Performing a play set in ‘fair’ Verona is always a gamble in an English summer where the light from yonder window breaking is currently being accompanied by wind and rain.
But open-air theatre only stops for lightning, and Liverpool audiences – here ensconced beneath a chain of gazebos – are generally a hardy lot.
It’s also well worth the damp tramp into Merseyside’s woodlands and parks to see the newly-monikered Imaginarium Theatre (formerly MATE Productions).
The name may have changed, but the commitment to producing bold versions of classic tales, told with absolute clarity, happily remains, as this striking Romeo and Juliet attests.
Director Gaynor La Rocca has placed her band of players in late Settecento Italy, a frock-coated carnevale world exemplified by the Capulets’ soiree where party-crasher Romeo (Kieran McCarthy-Hoare) – scion of sworn enemy Lord Montague - first lays eyes on the fair Juliet (Patricia Hodgson).
Juliet (Patricia Hodgson). Top: Romeo (Kieran McCarthy-Hoare) and Juliet.
Imaginarium’s star-crossed lovers are believably bright, youthful and impetuous, and Hodgson is particularly impressive as the young girl torn between family fealty and an all-consuming teenage passion, mixed with a wisdom older than her tender years.
As with the rest of the cast, they deliver their lines with a directness and coherence that brings every nuance of Shakespeare’s 400-year-old text to accessible life for a modern audience. So much so that it really doesn’t need any tinkering, as happens here with Juliet’s balcony speech.

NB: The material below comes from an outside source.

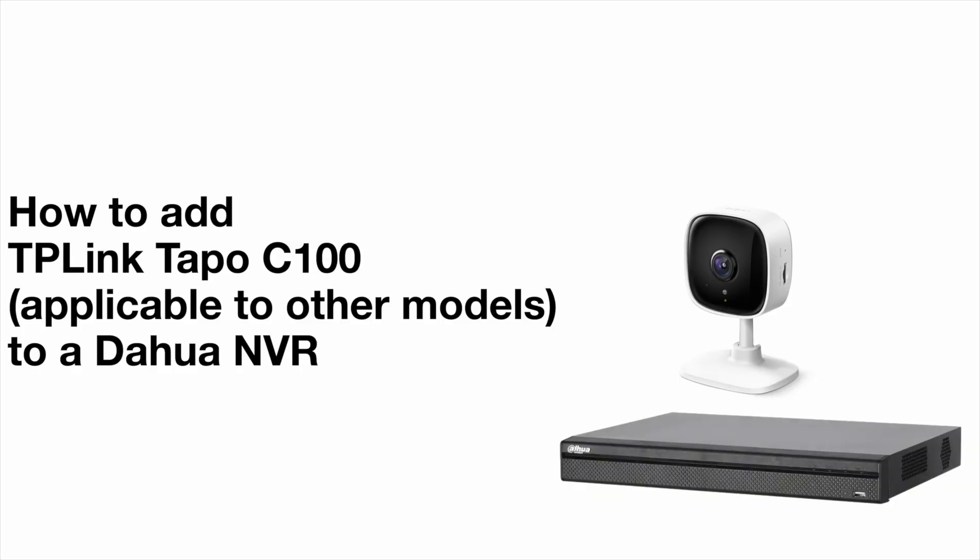And that's it. Now you've successfully connected your TP-Link Tapo C100 camera to your Dahua NVR using OnVIF. If this video helped you out, don't forget to like and subscribe. Thanks for watching and see you in the next one.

There are also a series of entertaining performances within the large supporting cast which swirls around the titular teens, including Carmel Skelly’s warm-hearted but flawed Nurse – a generous galleon in full sail, Chris Douglas’ grumbling servant Peter, and Romeo’s boisterous band of young friends, led by Holly Blue’s peace-keeping Benvolio and the mercurial Mercutio.
Connor Simkins (Mercutio) and Holly Blue (Benvolio). Photos Jake Ryan
Connor Simkins threatens to steal the show as the ill-fated swaggerer, giddily high on life and imbued with the confident immortality of youth – until he finds out that he’s not immortal after all.
Movement director Bev Norris-Edmonds has created some striking choreography sequences - including a formal dance, while under La Rocca, Juliet’s ‘funeral’ procession complete with mournful musical requiem is particularly effective – and affecting.